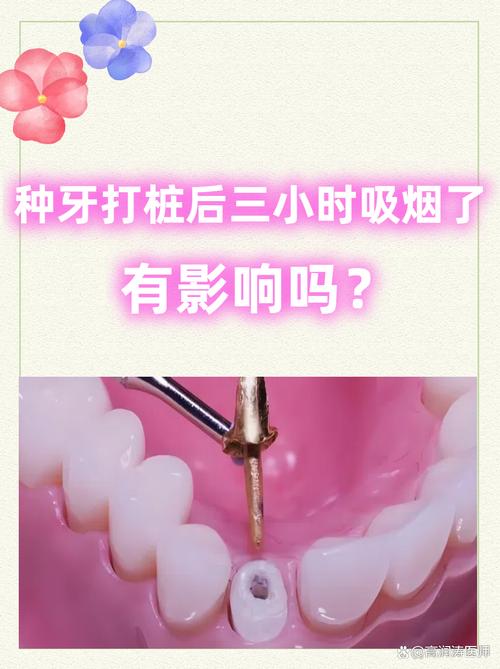 吸烟对种牙影响怀孕吗-图2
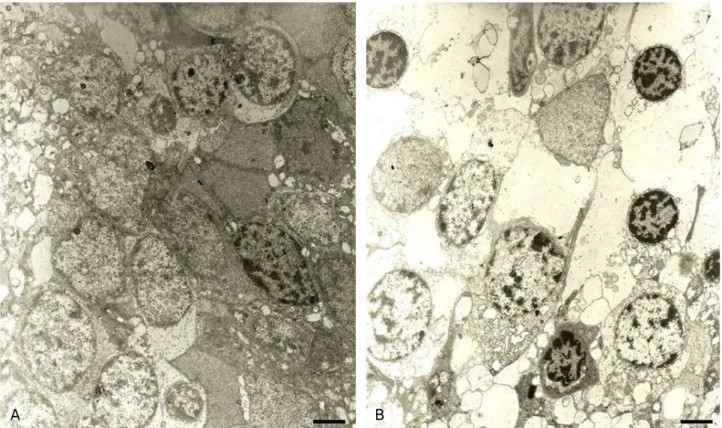 Figure  2. Electron  micrographs  of  the  inner  nuclear  layer  of  a  50-weeks-old  LETO  (A)  and  OLETF  rat  (B)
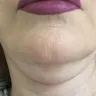 Dr. Renato Calabria - Facelift - Photo 4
^^^^^^^^^^^^^^^^
What you are asked to do:
Please repeat every line from the listing above exactly as it appears. Drop the pictures.

Response to this task:
 吸烟对种牙影响怀孕吗-图2
 Figure  2. Electron  micrographs  of  the  inner  nuclear  layer  of  a  50-weeks-old  LETO  (A)  and  OLETF  rat  (B)
 Dr. Renato Calabria - Facelift - Photo 4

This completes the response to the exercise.